It is the money that moved Ote Berry to snap out of retirement, lose 50 pounds, and get in good enough shape to twist a couple of horned rodeo steers to the ground at this weekend’s RFD-TV The American.
“I can give a million reasons why I’m competing and they all have George Washington on the front of them,” said Berry, 51, a four-time world steer wrestling champion, referring to the prize money at stake at The American. The event, scheduled for 1 p.m. Sunday at AT&T Stadium, will offer the world’s top competitors $2 million, a record payout for a single-performance rodeo.
The rodeo will feature five contestants who qualified through the semifinals last week in Mesquite and exemptions, competing alongside the top 10 competitors in the world in each event.

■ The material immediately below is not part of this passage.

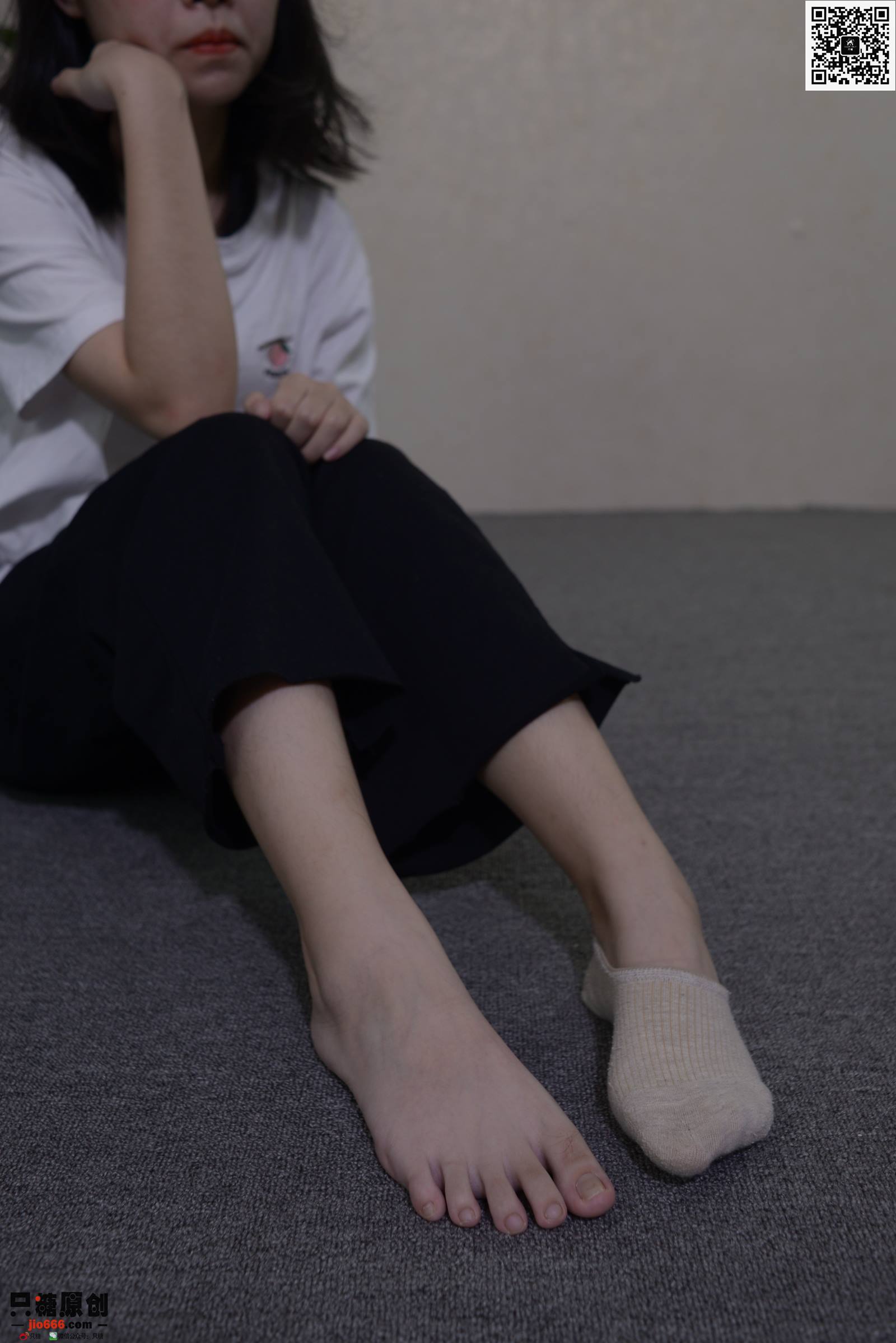 图片[17]-只糖棉袜 NO.437 泳孜 – 薄荷冰水 [58P] – 速更版-美库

Each event winner will get $100,000. There’s a side pot for the qualifiers. If only one qualifier can win their event, they will earn a $1 million bonus. If more than one qualifier wins their event, they will share the $1 million.

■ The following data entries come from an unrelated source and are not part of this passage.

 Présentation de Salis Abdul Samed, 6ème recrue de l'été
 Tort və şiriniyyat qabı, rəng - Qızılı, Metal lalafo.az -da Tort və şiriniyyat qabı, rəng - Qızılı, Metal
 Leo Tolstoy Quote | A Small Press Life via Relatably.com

Berry, who lives in Checotah, Okla., potentially can earn more than $1 million by snaring the steer wrestling title. He’s among numerous competitors who either have opted to come out of retirement or have elected to extend their careers in order to have a shot at collecting a share of the $2 million payout during the three-hour performance.
Some other notable athletes who’ve decided to ride again are six-time Professional Rodeo Cowboys Association world champion saddle bronc rider Dan Mortensen, two-time Professional Bull Riders world champion Justin McBride and 11-time Women’s Professional Rodeo Association world barrel racing champion Charmayne James.
“It definitely has generated a lot of buzz,” Mortensen said.
Berry won his first PRCA world bulldogging title in 1985 and won his last of four gold buckles in 1995. He opted to retire in 2006 after sustaining an knee injury. But last summer, he was approached by The American organizing committee and was offered an exemption slot in the lucrative rodeo. That meant he didn’t have to earn a berth through the qualifying events within the past six months.
Berry went on a diet, started walking and riding a bicycle, making practice pen runs, and he’s served as a hazer for younger competitors, including his 19-year-old son, Denver. As a result, his weight dropped from almost 300 pounds to around 250.
“It was incentive to get off of the couch,” Berry said. “I spent 20 years trying to win $1 million during in my career, and now I have a shot to win $1 million for running a couple of steers in one afternoon.”
Berry said The American has created a big stir in the rodeo world.
“This is something that’s been a long time coming,” he said. “We don’t have the luxury that pro baseball, football and basketball players have, the big money and the big contracts. If this deal is a big success, like everybody thinks, hopefully it can lead up to a six-, eight- or 10-city tour. That would mean a guy doesn’t have to go to 80 or 100 rodeos a year to make money.”
Also drawn by the prize money is McBride, a Marquette, Neb., resident who won world titles in 2005 and 2007. When McBride retired in 2008, he had earned $5,124,418 in the PBR, the most of any competitor in a pro rodeo or bull riding association, a career earnings record that still stands.
Each time McBride won a PBR world title, he received a $1 million bonus. And if he wins The American, he also could receive a $1 million bonus, in addition to the $100,000 that will be awarded to the winner of every event. That means he could leave AT&T Stadium with $1.1 million.
“I wish there was some romantic story for it, but it’s because there’s a million dollars on the line,” McBride said. “In the PBR, there’s a million dollar bonus for winning the world title each year, but that’s for a body of work for a whole year. But at The American, a cowboy can earn that much in a day.”
When the concept of The American was announced last summer, McBride first decided he would remain retired from bull riding and attempt to qualify for the event in bareback riding. But after mounting a handful of broncs, McBride decided bull riding definitely was what he does best.
He also was invited to compete at The American by exemption. In order to prepare, McBride recently mounted a tougher bucking bull in Guthrie, Okla., and he stayed for about 6 seconds, only 2 seconds short of making the buzzer.
“I had a million things running through my mind about how it was going to feel, but it wasn’t as fast as I thought,” McBride said. “I came away feeling like I could sure do it. I’m not going to be like Muhammad Ali and guarantee a victory, but I feel like I’ll go in there and stay on two bulls.”
Mortensen, 45, stopped competing full-time in 2006 and rode sporadically through 2009.
When he was asked to compete in an exemption spot at The American, the Billings, Mont., cowboy began riding practice broncs and working on spurring strokes on a spur board. That means he places a saddle on a saw horse that’s topped with a rubber mat and simulates the back and forth spurring motion of moving his boots from the point of the horse’s shoulders to the back and the saddle and back to the bronc’s shoulders, jump for jump.
Mortensen has lost between 5 and 10 pounds to prepare for Sunday.
“The sport has a lot of levels and I came up through all of them,” Mortensen said. “But I’m at the point to where if I’m going to events, I want to go to only the good ones. But there’s very few events that are this quality and has had this much thought and effort that’s been put into it. It’s going to great for the sport of rodeo.”